Starting point is 00:53:57 Like that indictment was just like, you know, it was, it was epic. It was Hollywood. It was like 1980s Rambo-like movie where good and evil is so clear, you know? And Rambo clearly comes out on top. But in closing, I mean, there was this piece and you catch it on Twitter, but Michael goes through and absolutely preempts the FUD, especially around Bitcoin, you know, mining, environmental confud, et cetera, et cetera, you know, talks about about 500,000 years of just the bloody history of gold. And what really was like Shakespearean iambic pentameter. Like, I mean, it was clear that he practiced it. It was clear he was ready for it.
Starting point is 00:54:35 I saw him kind of pointing some thoughts and notes. But I mean, he delivered that in a way that debate over, you know. It's just like strike him out, throw him out. The game was just on and over. And oftentimes I think the opponent knows he's losing before the winner knows he's winning. And in that moment, I saw that he knew he was losing and that this debate was over. And the ad hominem attacks came after that. Right.
Starting point is 00:54:57 And so I would leave you with, man, I am more bullish than ever because one of the disciples in the church of Satoshi, Mr. Michael Saylor himself absolutely. on April 21st, 2021, the day that we'll remember that gold was killed. I love it. By the way, did anybody also see his equally great, although like it was a one single punch knockout here, but there was Charlie Billo tweeted out like commodity prices over the year and like everything's up like at least double digits and then down at the bottom of a list of about 15 or 20 things.
Starting point is 00:55:35 it's gold at 3%. And Sailor retweeted him and said, it's a long list, but please make sure you read all the way to the bottom, of course, alluding to the 3% only appreciation in gold. And Spencer Schiff, his son,
Starting point is 00:55:49 replied, your brutal. Yeah, I mean, Sailor's been a wrecking ball in all of this. And I'm, I'm curious what some of your thoughts are on, on what happens to gold from here,
Starting point is 00:56:05 because it's been pretty lackluster all year. And it doesn't seem to be performing the way you might expect in these types of, this type of an environment. So I don't know. Like if anybody can jump on this and talk to what John was saying regarding the debate. But does anybody have any thoughts on the debate and or what happens to gold moving forward? what time scale yeah i mean yeah like i don't think it's going to disappear overnight but like what happens 10 years out 20 years out 30 years out first of all i i would have to say i agree with john
Starting point is 00:56:51 michael sailor's debate was fantastic and i agree with gregg he's one of the better thinkers in this space. I mean, when he first came onto the scene, it was a kind of suspicious like there has a billionaire that I haven't heard of because I hadn't before he went into Bitcoin, not a lot at least. And it turns out to be a great thinker. Have you seen the Sailor series with Robert Breedlove? It's just fantastic. And I love his all of that. And there are a lot of great thinkers in this space. And that's one of the reasons. I love it so much. Gold, gold, like, I guess Bitcoin will eat a lot of the gold market, at least short term, over the next 10 years.
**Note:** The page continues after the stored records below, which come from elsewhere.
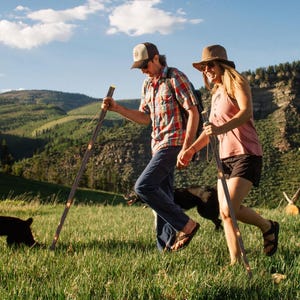 Wooden Walking Stick – Handcrafted Rustic Hiking Staff by Hickory Hollow, Durable Hardwood, Made in USA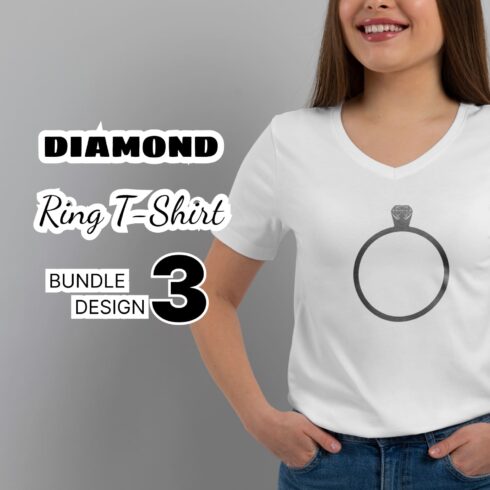 Image of a t-shirt with a fabulous print of a diamond ring.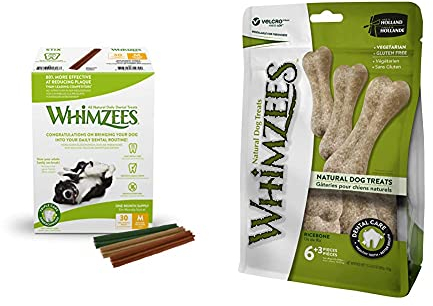WHIMZEES Stix, natürliche, getreidefreie Zahnpflegesnacks (30 Stück), Größe M & Reisknochen, natürliche, glutenfreie Zahnpflegesnacks, Kauknochen für große Hunde, 9 Stück, Größe M/L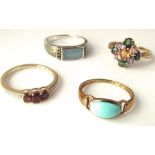 Three 9ct rings, one set with diamonds and rubies, one with turquoise and a cluster ring set with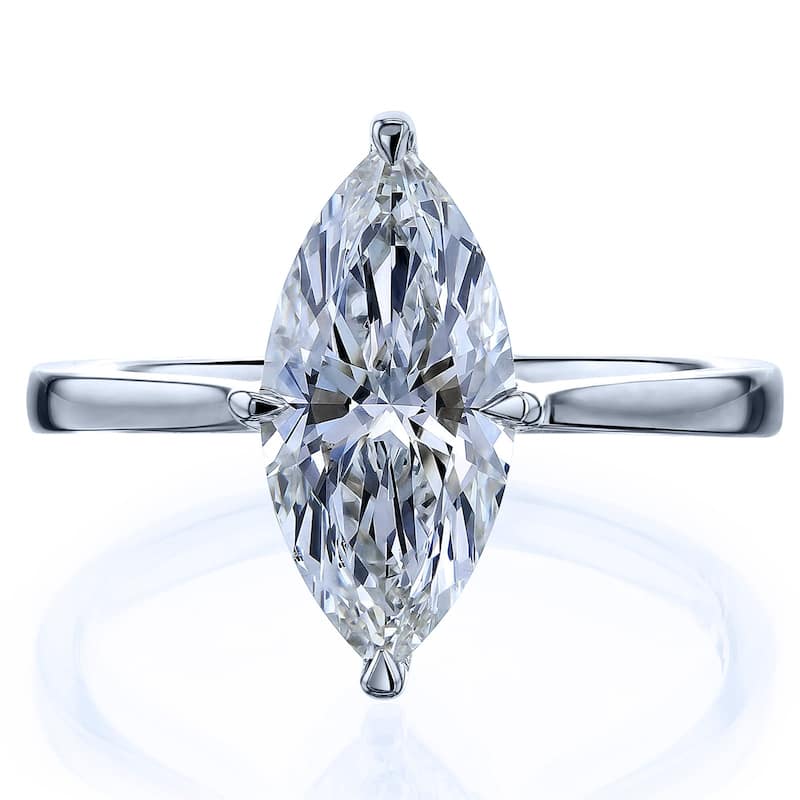 ​Kobelli 2 Carat Lab Grown Diamond Certified 14k Solid Gold Marquise Solitaire Mérida Engagement Ring (EF/VS) - 4.5 - White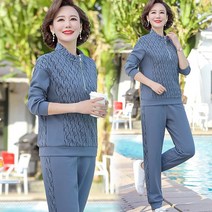 SJW 중년여성 봄가을 트레이닝복세트 루즈핏 반집업 맨투맨 조거팬츠 빅사이즈 엄마 40-60대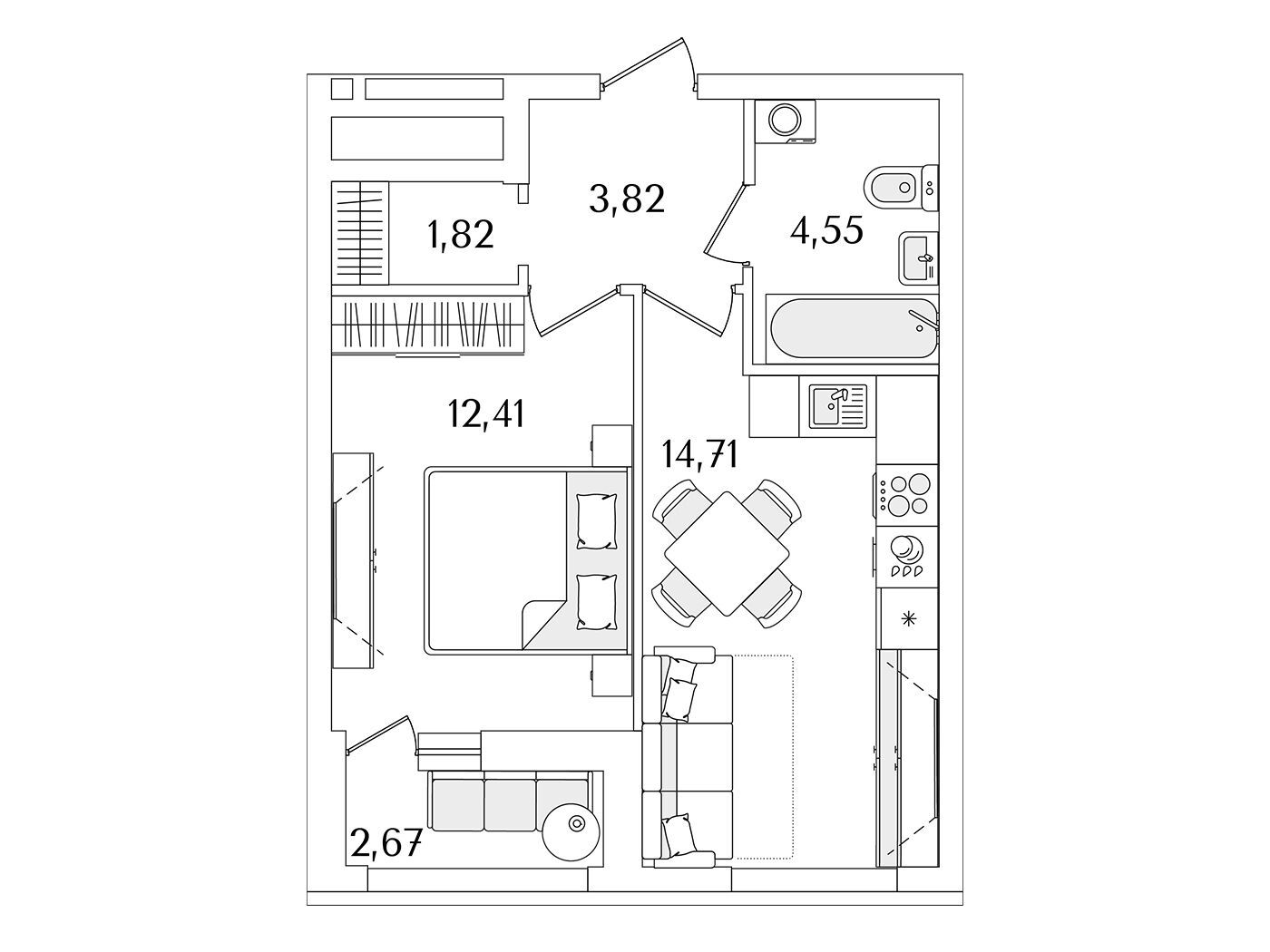 Планировка: 1-комн. квартира 38.40 м² в новостройке Лайнеръ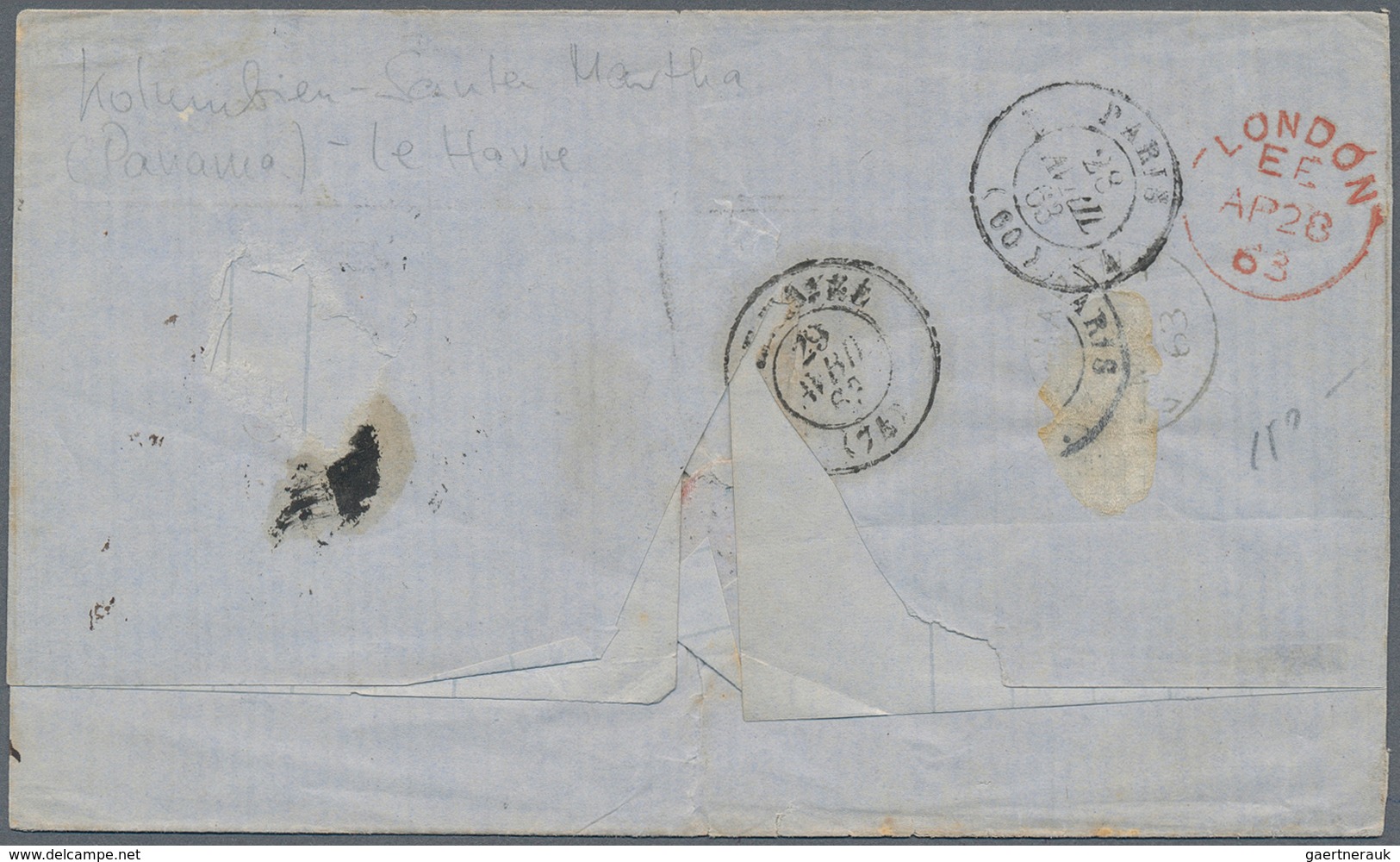 12115 Kolumbien: 1863, Letter From RIO MACHA With Forwarding Agent With Blue "ENCAMINADA POR ABELLO E RIJO - Kolumbien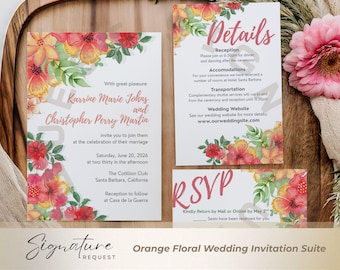 Orange Floral Wedding Invitation Suite • Editable Watercolor Canva Template (Digital Download)
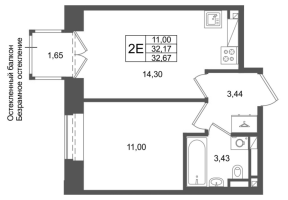 1 ккв № 338 Корп.: 1 , Секция 1.6  в ЖК Аристократ
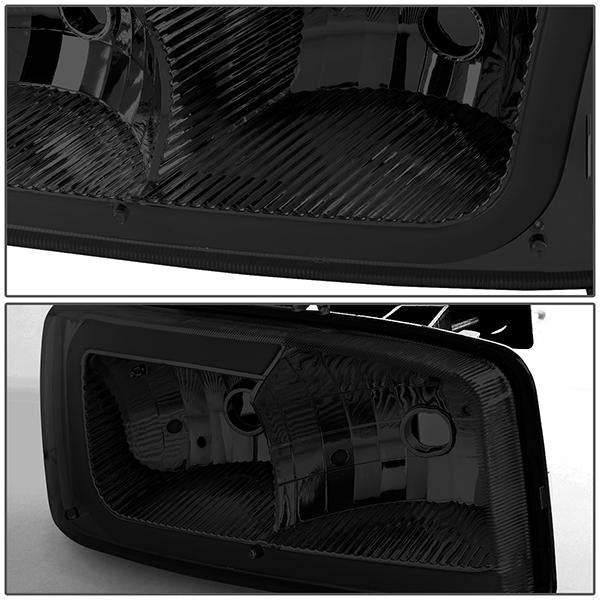 00-06 Gmc Yukon Xl Sierra Denali Headlights - LED DRL Headlight+Bumper Lamps - Smoked Lens - Clear Corner - Pair - 4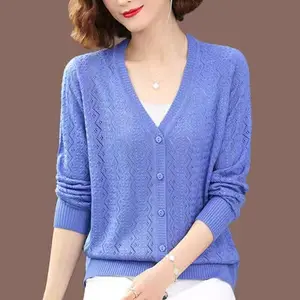 Huachao new apparel knit sweater long sleeve v neck summer knit women sweater computer art sweater for women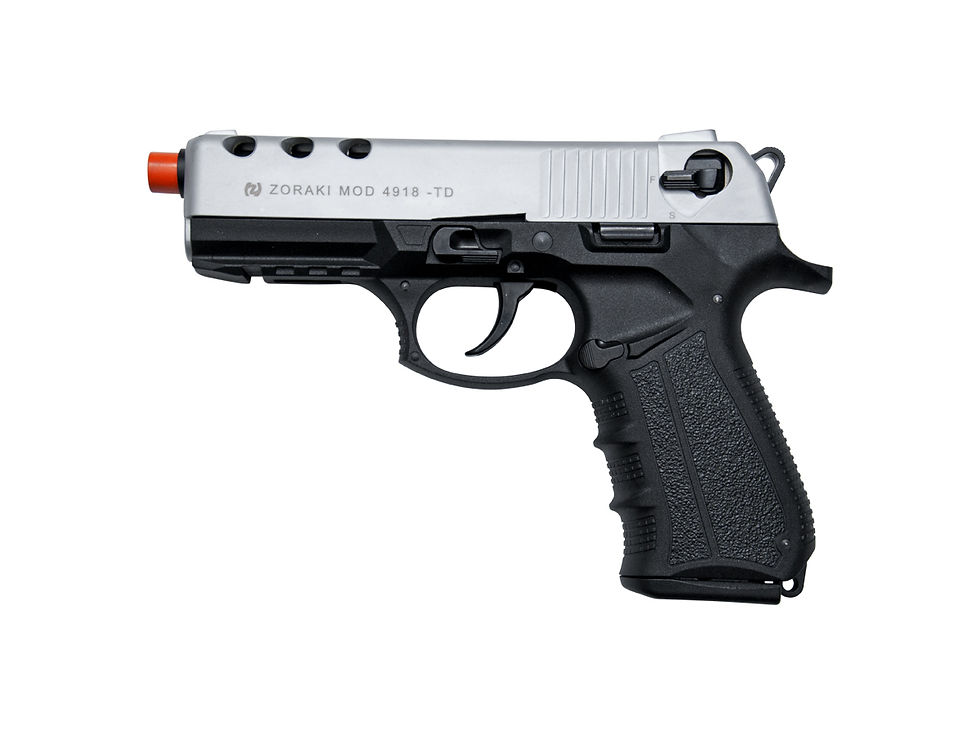 Hình thu nhỏ: ZORAKI 4918 9MM Semi Automatic Front Firing Blank Gun, Silver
Starting point is 00:57:42 I think gold will probably appreciate in dollar terms, but in Bitcoin terms, hell no. It will plummet in Bitcoin terms, of course, because Bitcoin has a long way to go still. And after it's gone all that way, it has a long way to go still. And after that, and that just keeps going. So, well, gold is a dumb rock. And it's good for jewelry, but people will still crave jewelry. And whatever. I don't, I don't care too much for dumb rocks.
Starting point is 00:58:19 So that's beautiful. What happens with all the rappers that bought all their grills? Like at what point are they try to get open dime girls? Yeah, open dime. Yeah, that would be something, right? What is that? A USB stick instead of two, Phil. So, Newt, Canute, that was beautiful.
Starting point is 00:58:34 You're right. But it's still, don't forget, it's still a $10 trillion physical market. Okay. It is. It is. So I used to trade a lot, right? Hedge funds, I was on what's called the buy side as a hedge fund. I was also a sell side trader.
Starting point is 00:58:48 And we got, we had this funny guy that was on my desk. And so each trader gets set a limit, right, is his risk exposure. And I remember one. day he stood up when the risk guy came around and said, hey, Brian, you've exceeded your limit. He goes, limit. I thought it was a target. Okay. Now think about that for a second.
Starting point is 00:59:11 Gold is only a target. That's 10 trillion. That's again a rounding error in the $900 trillion. U.S. Total financial, total addressable market. But we do have to get through it. I'm not certain we should be, you know, fighting or fighting the. the $10 trillion guys, like there's so many bigger guys out there.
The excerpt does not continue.